| RECORDED DATA |
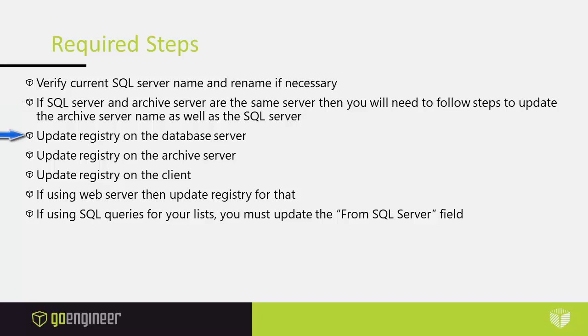Update the registry on the database server. Update the registry on the archive server. Update the registry on the client. If using web server then update the registry for that and if using SQL queries for your lists you must update the From SQL Server field.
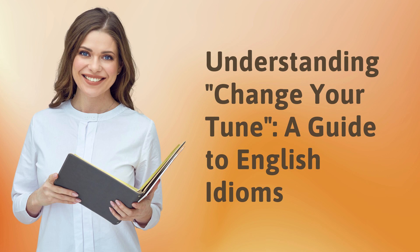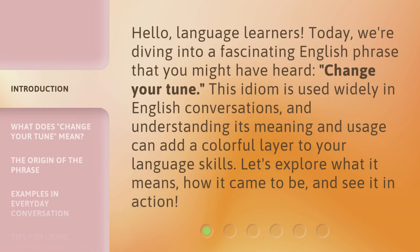Understanding 'Change Your Tune' — a guide to English idioms. Hello, language learners. Today we're diving into a fascinating English phrase that you might have heard: 'change your tune.' This idiom is used widely in English conversations, and understanding its meaning and usage can add a colorful layer to your language skills. Let's explore what it means, how it came to be, and see it in action.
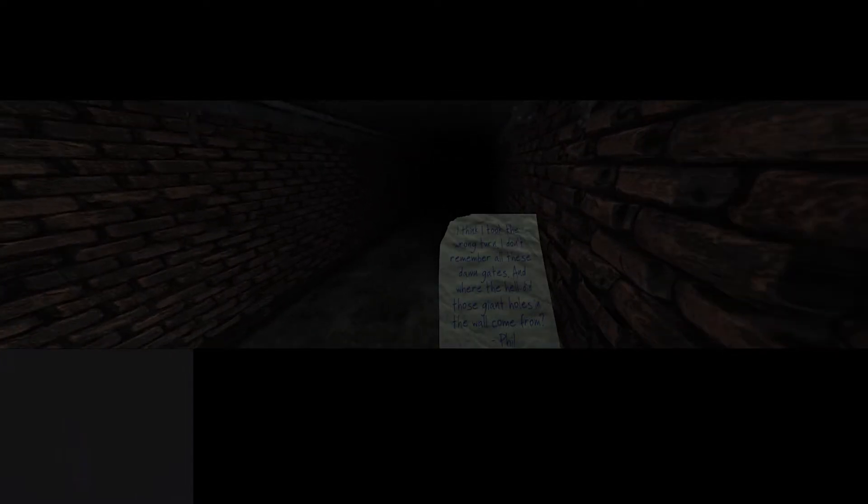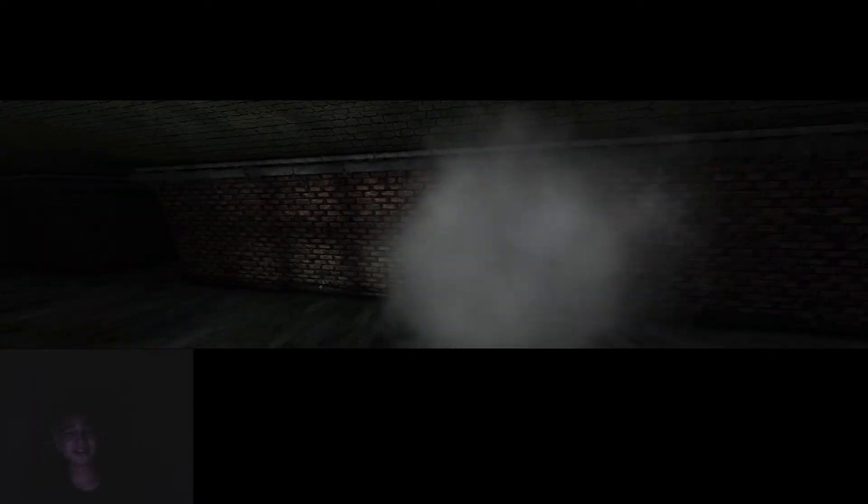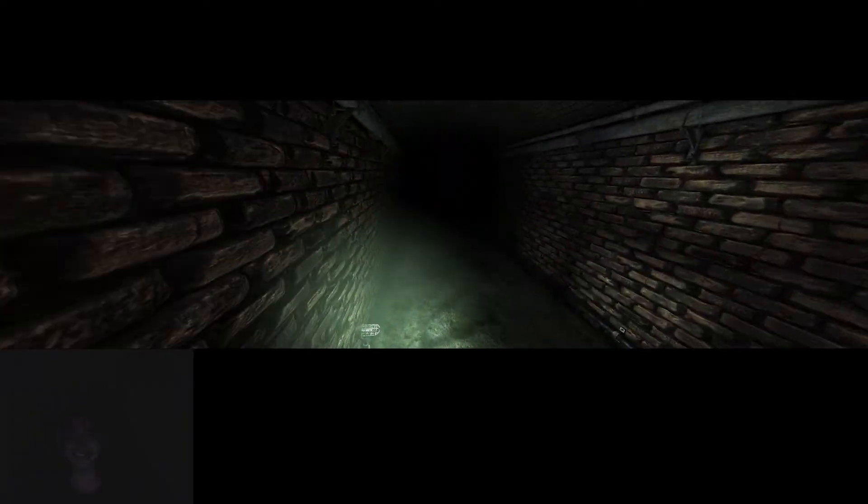I need to go to that room again where the glow sticks are. Fuck you, I heard you. You get on my nerves. I think I took the wrong turn. I don't remember all these damn gates, and where the hell did those giant holes in the wall come from? What giant holes? Phil, what are you talking about?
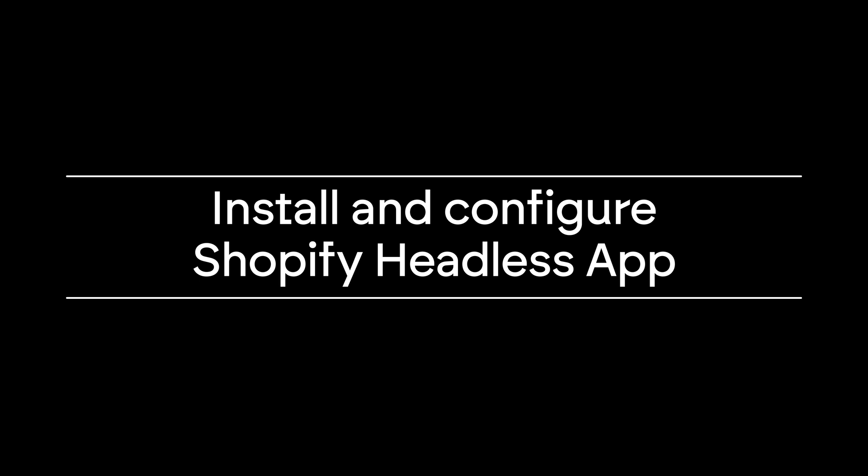Welcome back to Smoothify. In this video, we'll show you how to correctly install and configure the official Shopify headless app, which is essential for a complete integration between Webflow and Shopify.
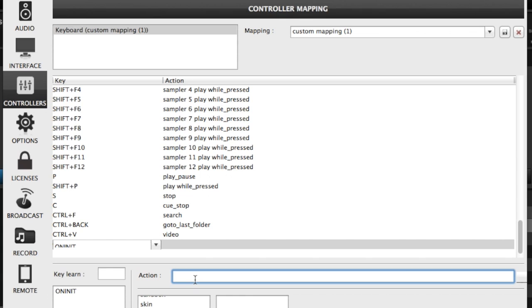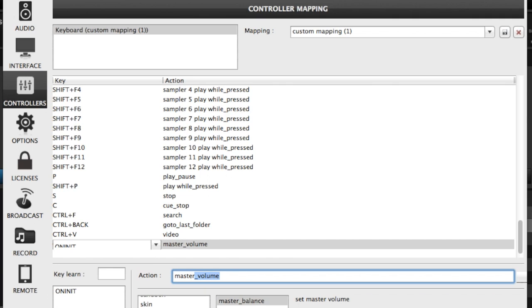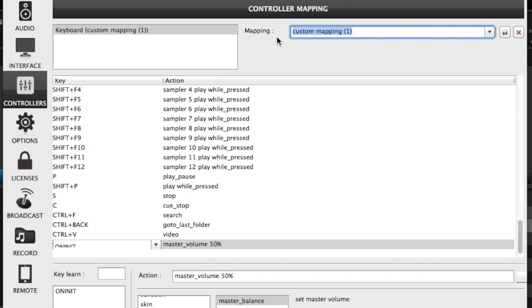Now here is where you create your own OnInitialization command. For example, some people were saying they didn't like the master volume at 100%. No problem. We can go in, type in master, volume comes up, so master volume auto completes, and then we can choose our level, let's say 50%. We can then name our mapping to OnInit, and it won't affect the default mapping.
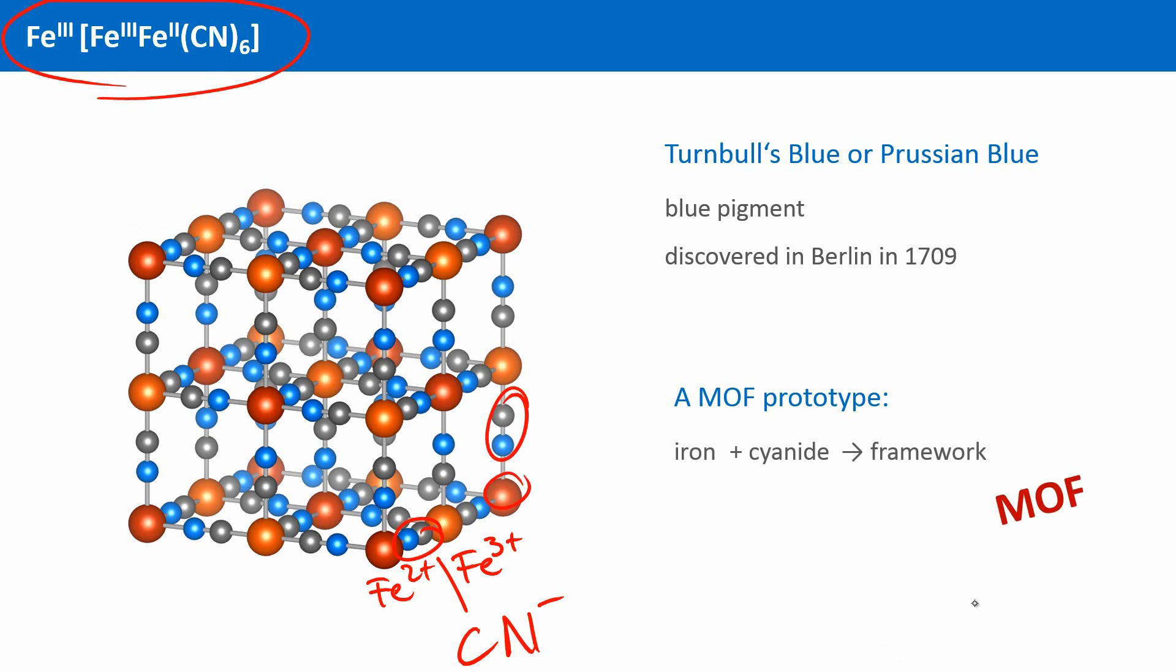This cyanide ion has a distinctive feature. It can bind to a metal via the carbon atom and via the nitrogen atom. And in Prussian blue, this cyanide uses both its ends to connect to the metal ions. It acts as a connector, or as a linker, as we also say. And when you mix these two together, we get a framework. An infinite network in which iron 2+ and iron 3+ are bridged by the cyanide.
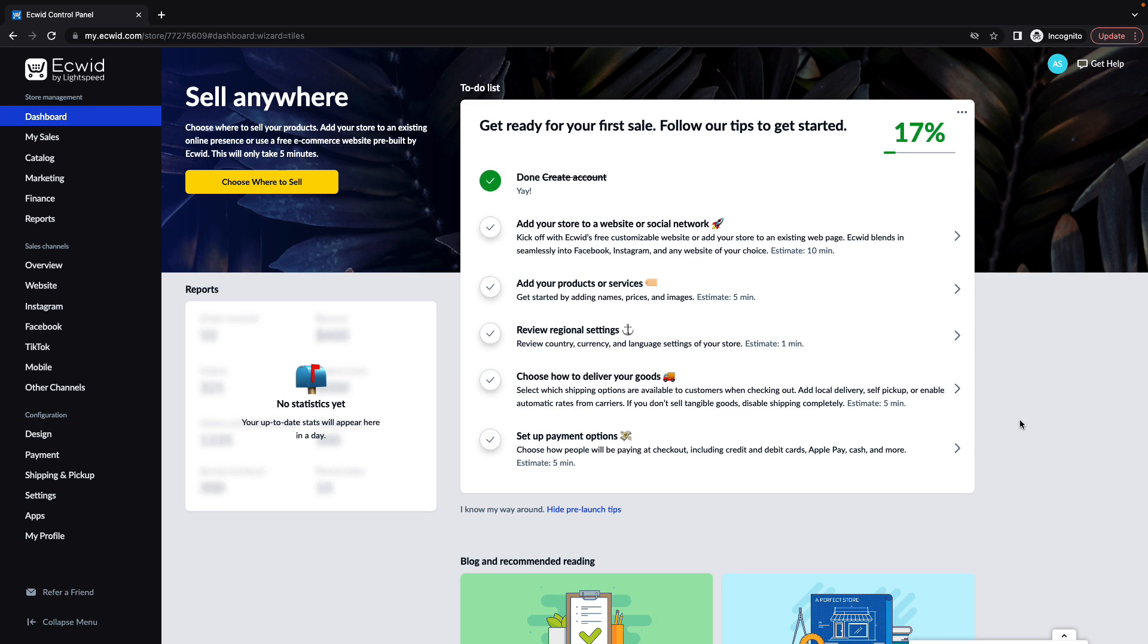Hi, my name is Madison, and today I'm going to show you how to add Lightspeed Payments to your online store.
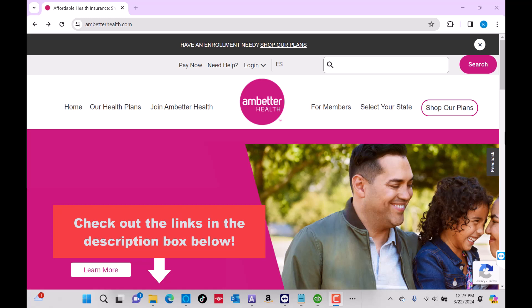Hey guys, this is Northville Tech. In this video, we're going to show you how to stop autopay on Ambetter. We will also put useful links in the description below.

| PROBLEM STATEMENT |
Transcribe, word for word, the lines of the listing above from the one that contains "Now here is" through the one that contains "Hi, my name", keeping both ends and dropping the pictures.

| RESULT |
Now here is where you create your own OnInitialization command. For example, some people were saying they didn't like the master volume at 100%. No problem. We can go in, type in master, volume comes up, so master volume auto completes, and then we can choose our level, let's say 50%. We can then name our mapping to OnInit, and it won't affect the default mapping.
This cyanide ion has a distinctive feature. It can bind to a metal via the carbon atom and via the nitrogen atom. And in Prussian blue, this cyanide uses both its ends to connect to the metal ions. It acts as a connector, or as a linker, as we also say. And when you mix these two together, we get a framework. An infinite network in which iron 2+ and iron 3+ are bridged by the cyanide.
Hi, my name is Madison, and today I'm going to show you how to add Lightspeed Payments to your online store.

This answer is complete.